▶ **Problem to solve**
Here the job is to repeat the listing exactly, but not the pictures in it.
═════ Source material ═════
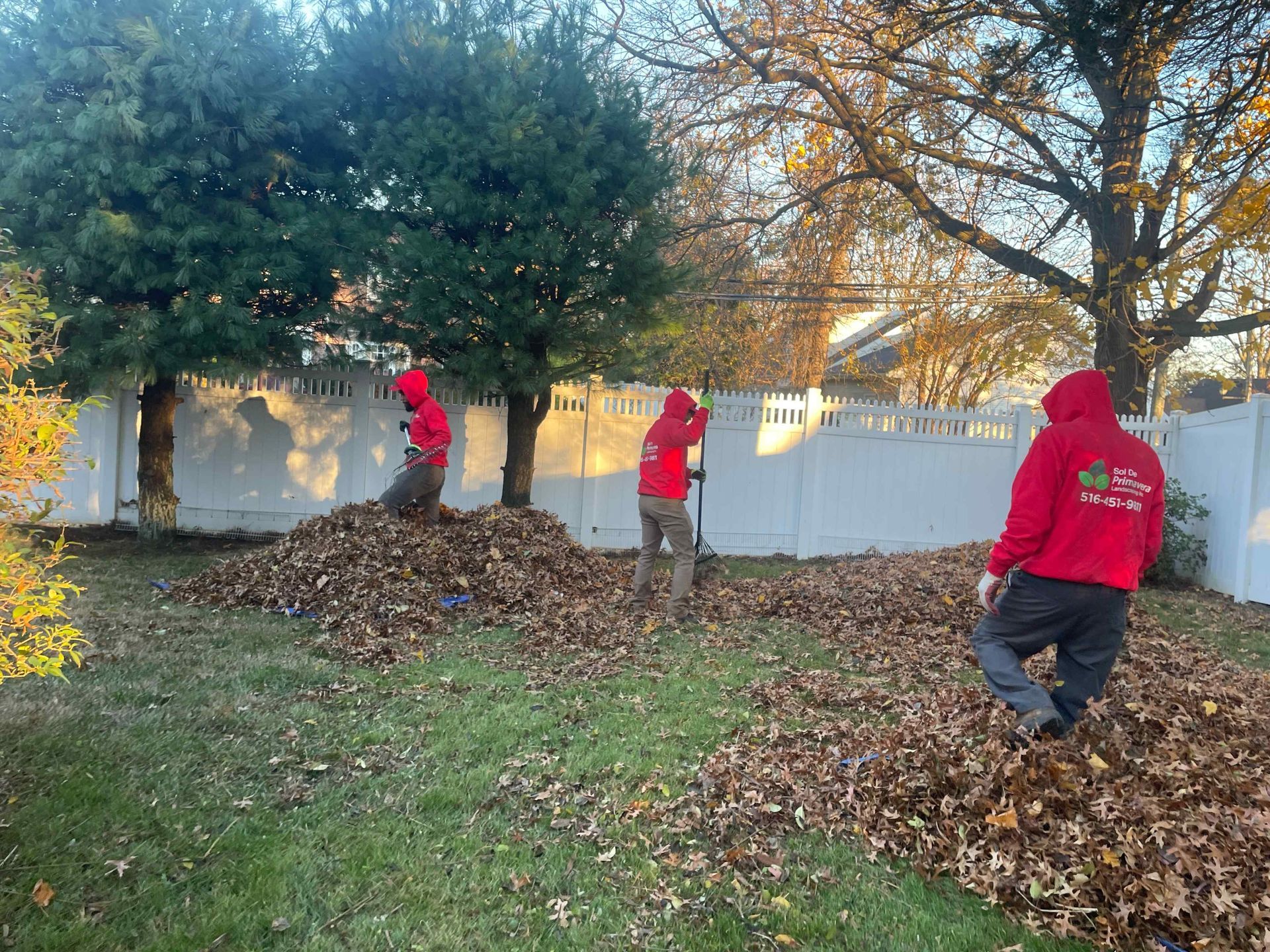 People in red hoodies raking leaves in a yard beside a white fence and tree.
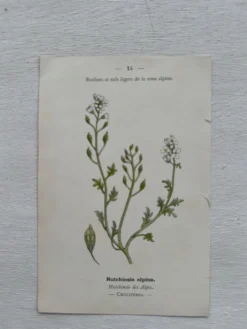 Planche Botanique 1800 Gravure naturaliste ancienne 19eme recto verso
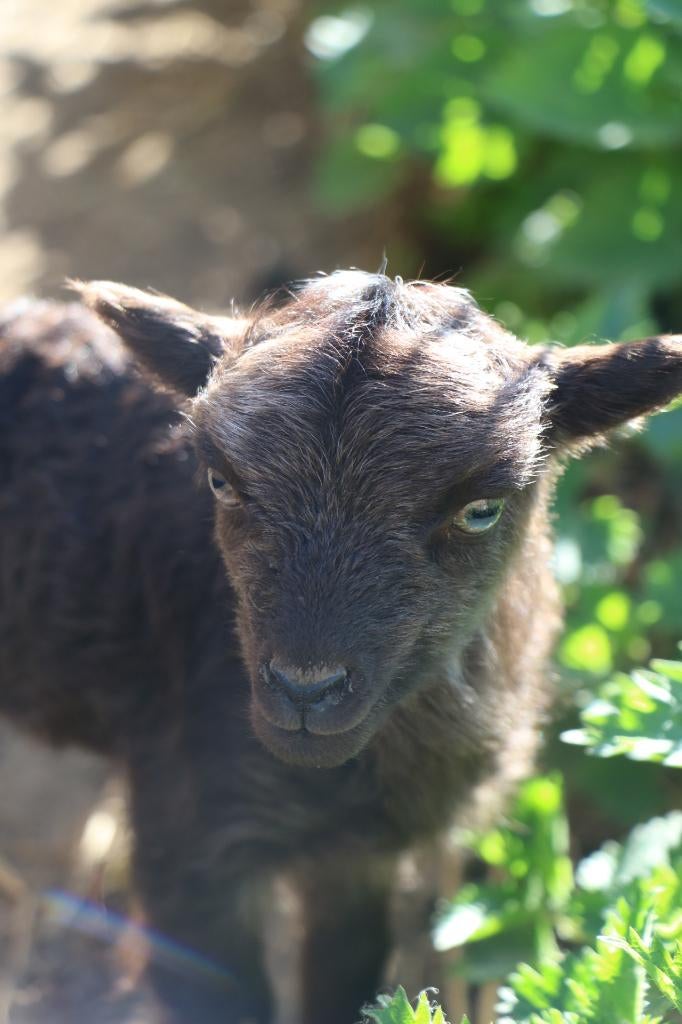 Ouessant lammetjes, Dieren en Toebehoren, Meerdere dieren, Schaap, 0 tot 2 jaar
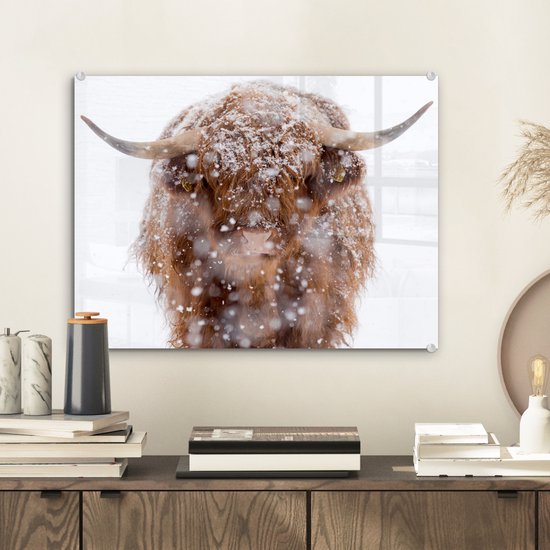 MuchoWow® Peinture sur Verre - Highlander écossais - Cornes - Neige - 40x30 cm - Peintures sur Verre Acrylique - Photo sur Glas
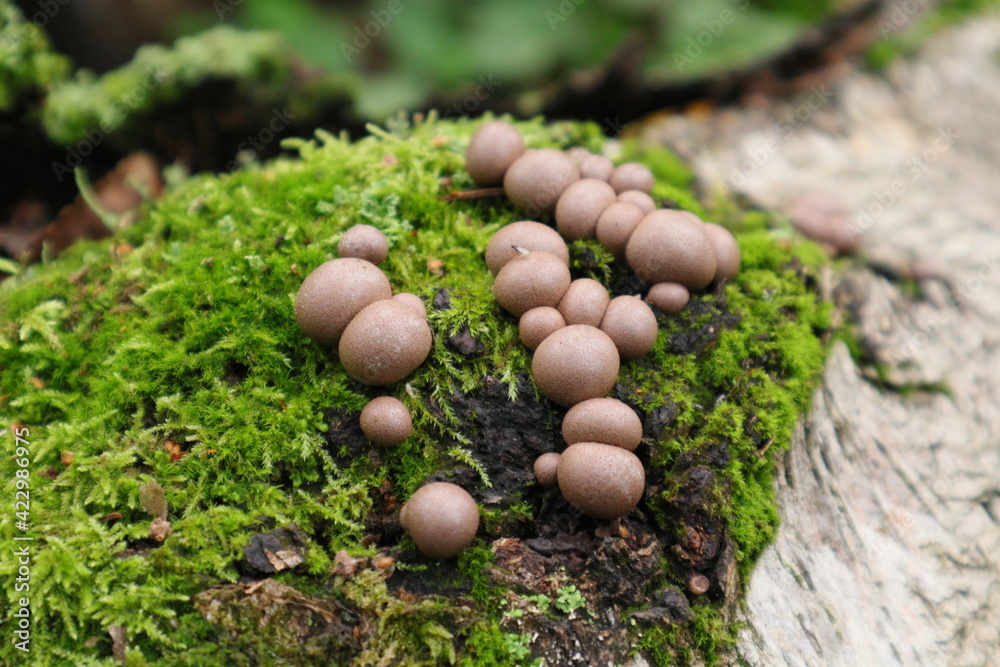 Nature
mushrooms Nature
mushrooms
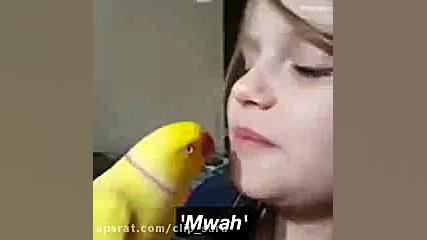 لب گرفتن عاشقانه از طوطی زرد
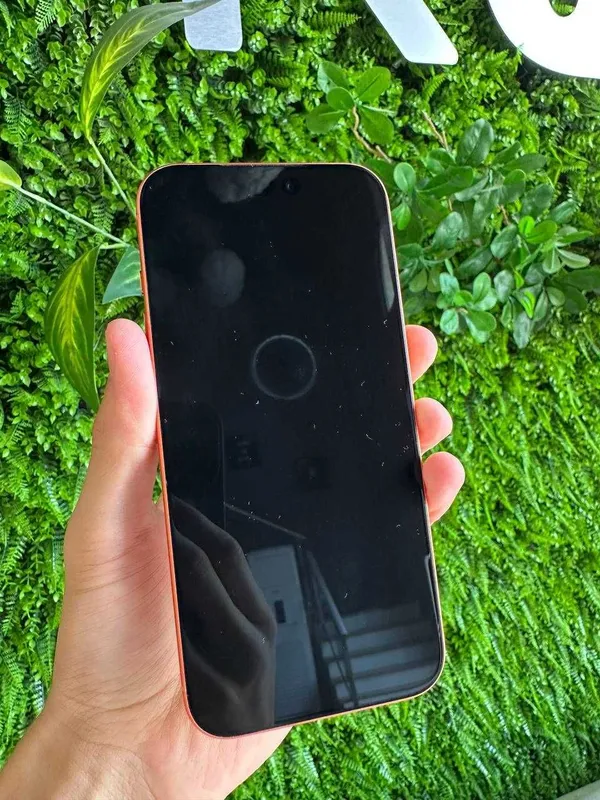 iPhone 17 Pro Max 256Gb 100% 2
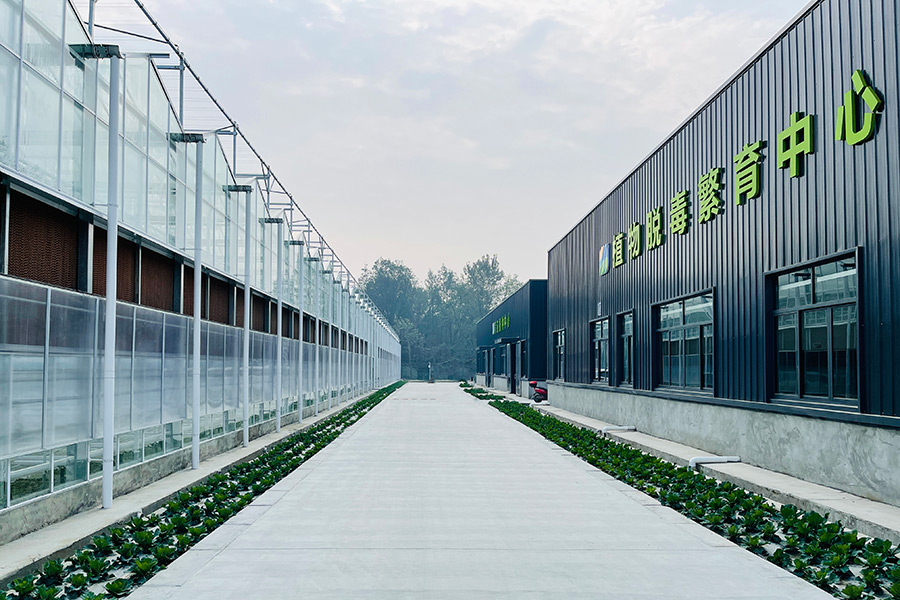 Glass Greenhouse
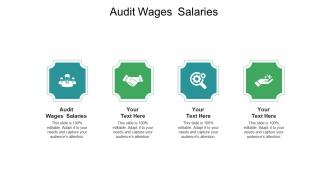 Audit wages salaries ppt powerpoint presentation infographics information cpb
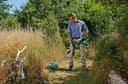 Bosch Home & Garden Akku-Rasentrimmer AdvancedGrassCut 36 | Grün 4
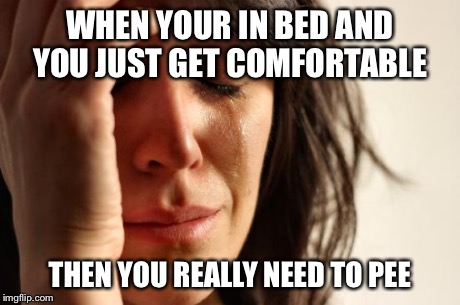 First World Problems | WHEN YOUR IN BED AND YOU JUST GET COMFORTABLE THEN YOU REALLY NEED TO PEE | image tagged in memes,first world problems | made w/ Imgflip meme maker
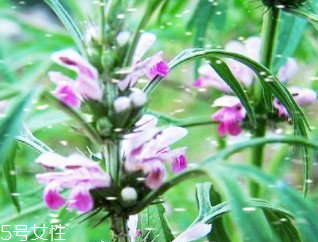 益母草可以洗下面吗,益母草可以用来洗下身吗?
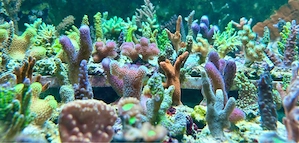 Korallenableger Meerwasser Acropora LPS Euphyllia Zoa SPS Korallen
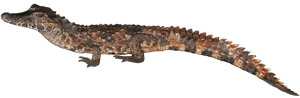 Clip Art Species The Ray Laboratory - Crocodile, HD Png Download PNG image with transparent background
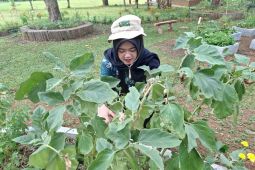 FAO: Perlu perkuat edukasi kurangi "food loss" dan "food waste"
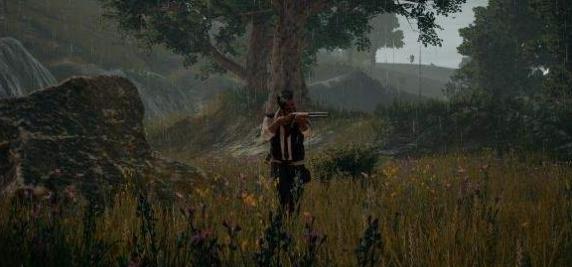 ������������������ȫ �������Ի��ܽ���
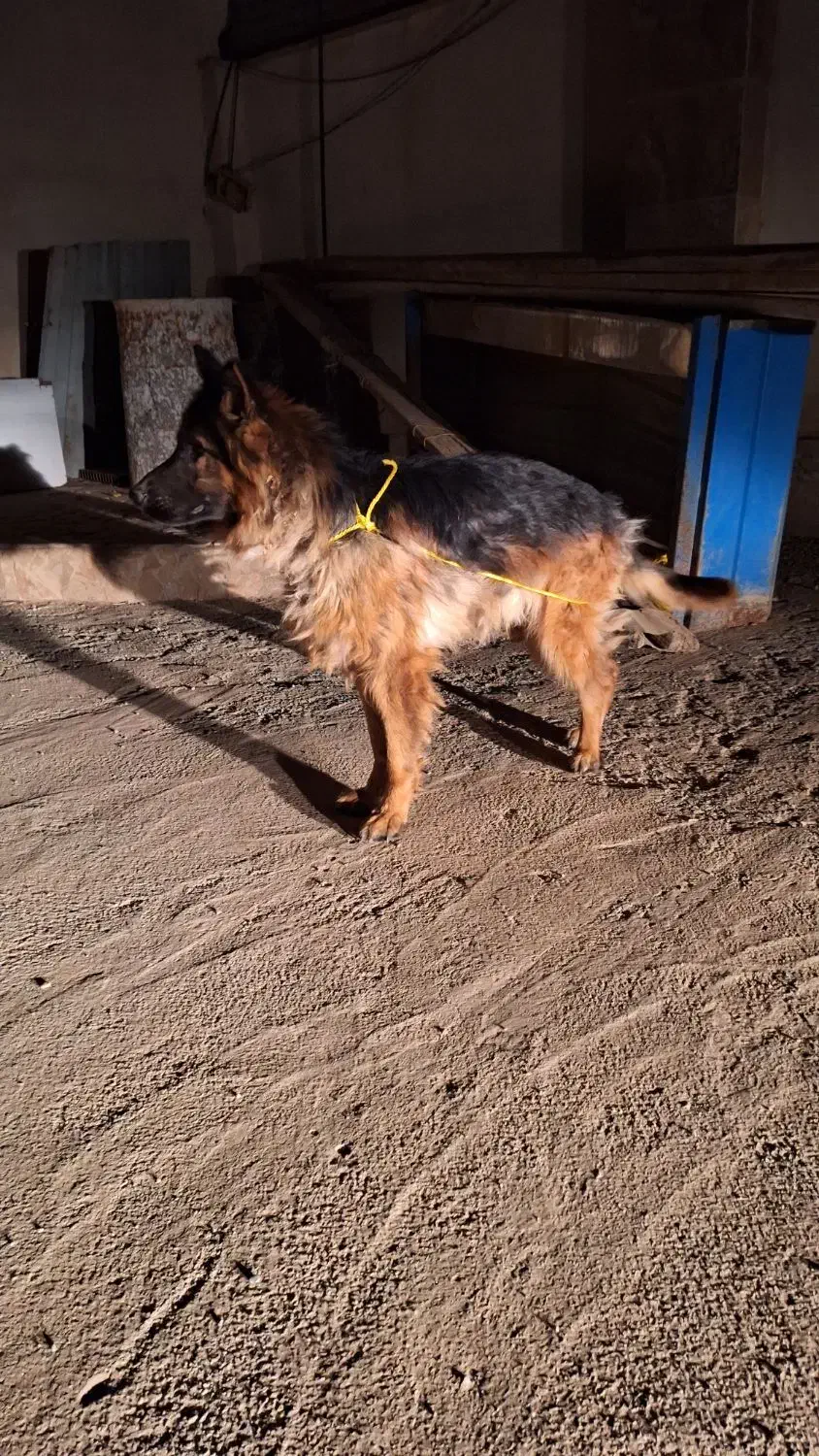 سگ ژرمن شیپرد نر|سگ|هشتگرد, شهرک راه آهن|دیوار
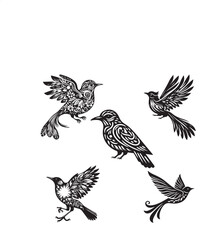 set of birds vector art design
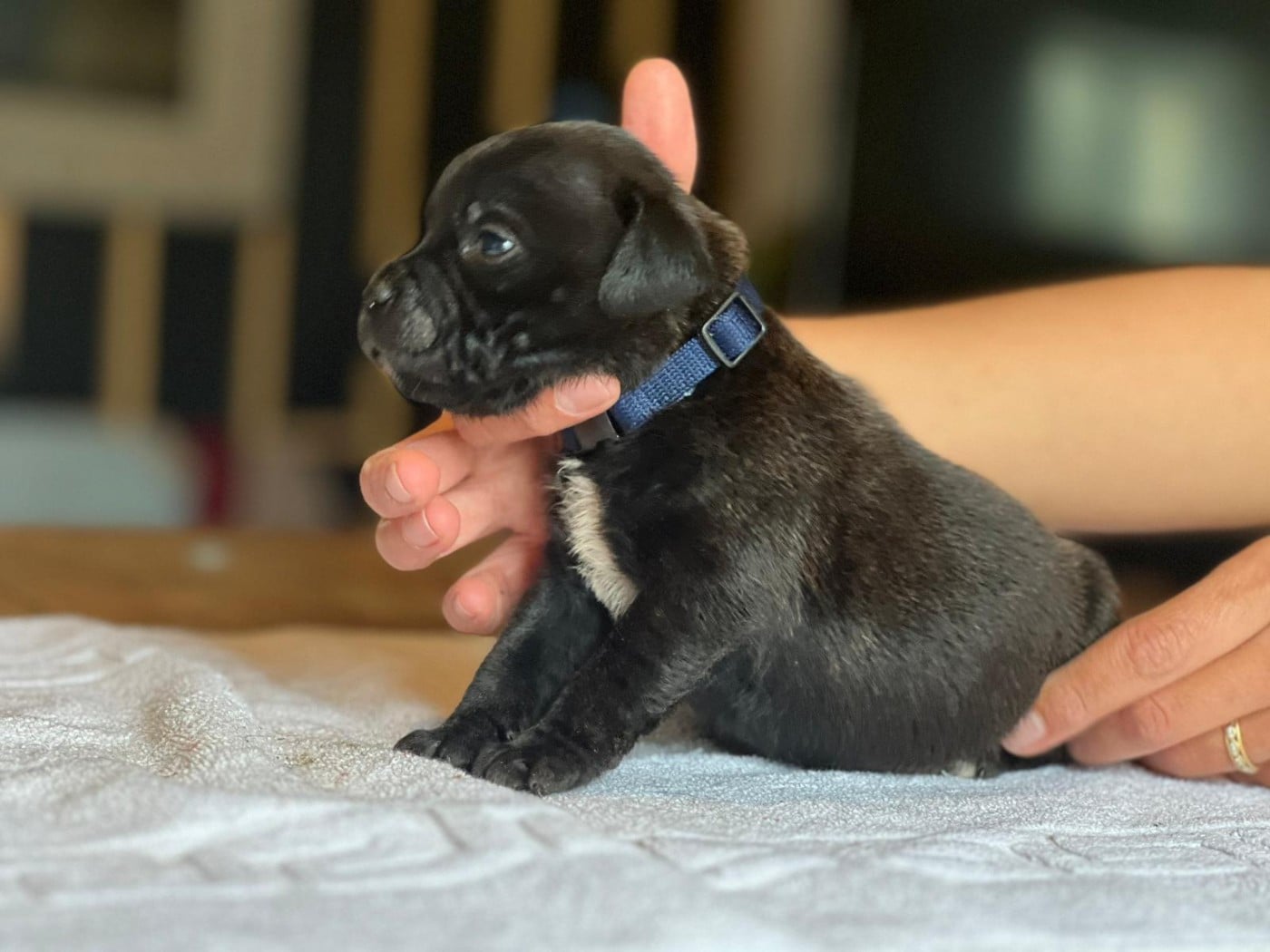 Chiot N°2 - Staffordshire Bull Terrier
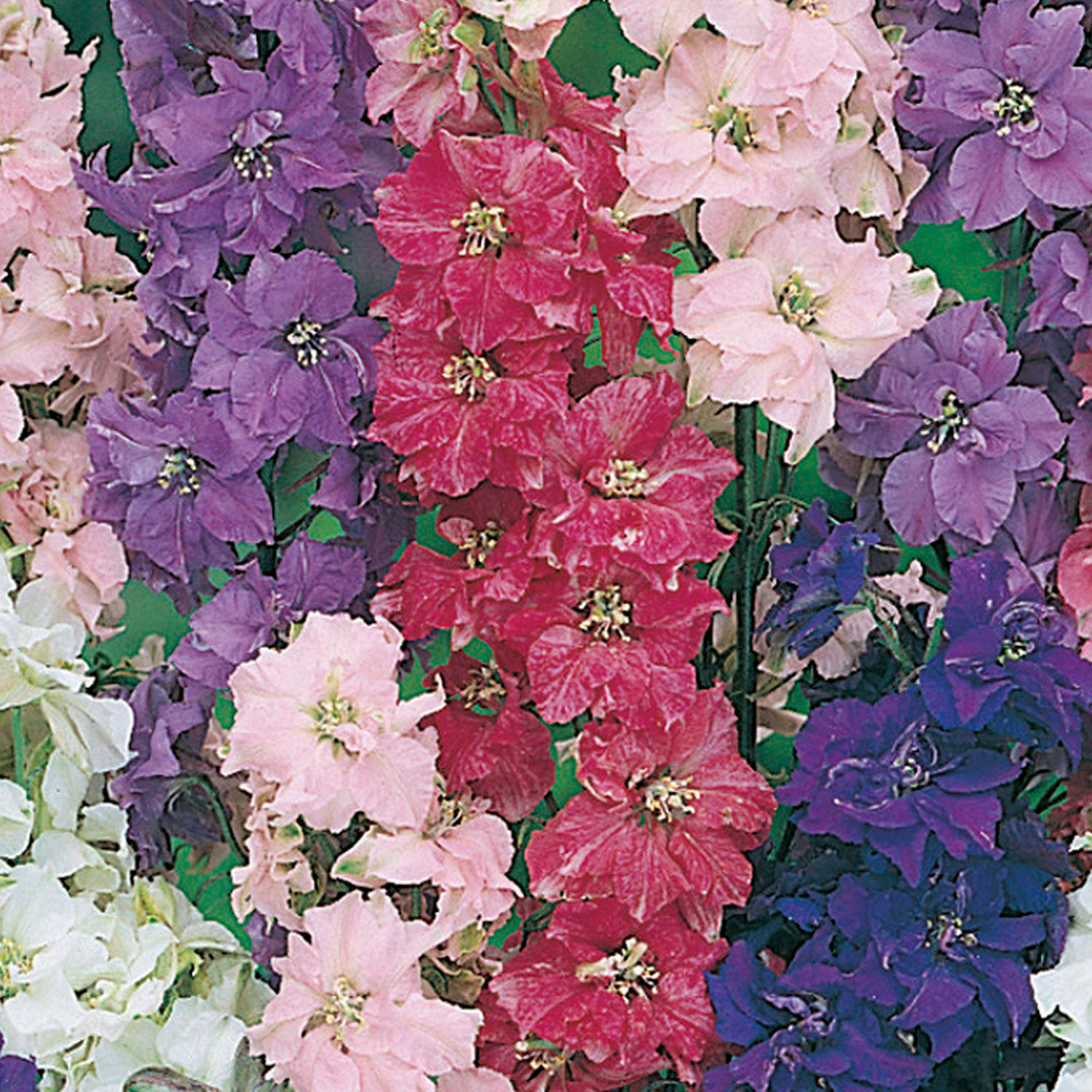 Johnsons Larkspur Giant Imperial Mixed Flower Seeds Image 1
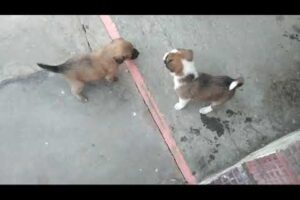 #cute puppies playing #🐕🐕#❤❤#doglover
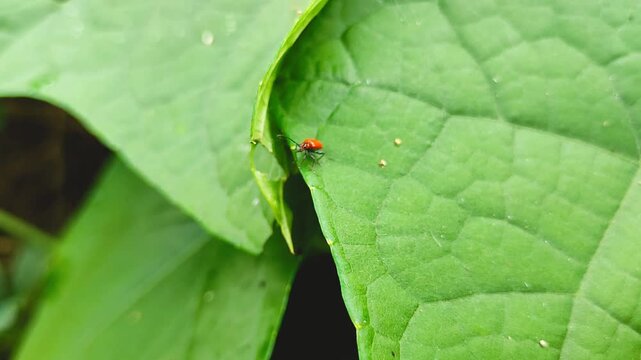 red insect crawls along the edge of a fresh green leaf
═════
▶ **Your solution**
 People in red hoodies raking leaves in a yard beside a white fence and tree.
 Planche Botanique 1800 Gravure naturaliste ancienne 19eme recto verso
 Ouessant lammetjes, Dieren en Toebehoren, Meerdere dieren, Schaap, 0 tot 2 jaar
 MuchoWow® Peinture sur Verre - Highlander écossais - Cornes - Neige - 40x30 cm - Peintures sur Verre Acrylique - Photo sur Glas
 Nature
mushrooms Nature
mushrooms
 لب گرفتن عاشقانه از طوطی زرد
 iPhone 17 Pro Max 256Gb 100% 2
 Glass Greenhouse
 Audit wages salaries ppt powerpoint presentation infographics information cpb
 Bosch Home & Garden Akku-Rasentrimmer AdvancedGrassCut 36 | Grün 4
 First World Problems | WHEN YOUR IN BED AND YOU JUST GET COMFORTABLE THEN YOU REALLY NEED TO PEE | image tagged in memes,first world problems | made w/ Imgflip meme maker
 益母草可以洗下面吗,益母草可以用来洗下身吗?
 Korallenableger Meerwasser Acropora LPS Euphyllia Zoa SPS Korallen
 Clip Art Species The Ray Laboratory - Crocodile, HD Png Download PNG image with transparent background
 FAO: Perlu perkuat edukasi kurangi "food loss" dan "food waste"
 ������������������ȫ �������Ի��ܽ���
 سگ ژرمن شیپرد نر|سگ|هشتگرد, شهرک راه آهن|دیوار
 set of birds vector art design
 Chiot N°2 - Staffordshire Bull Terrier
 Johnsons Larkspur Giant Imperial Mixed Flower Seeds Image 1
 #cute puppies playing #🐕🐕#❤❤#doglover
 red insect crawls along the edge of a fresh green leaf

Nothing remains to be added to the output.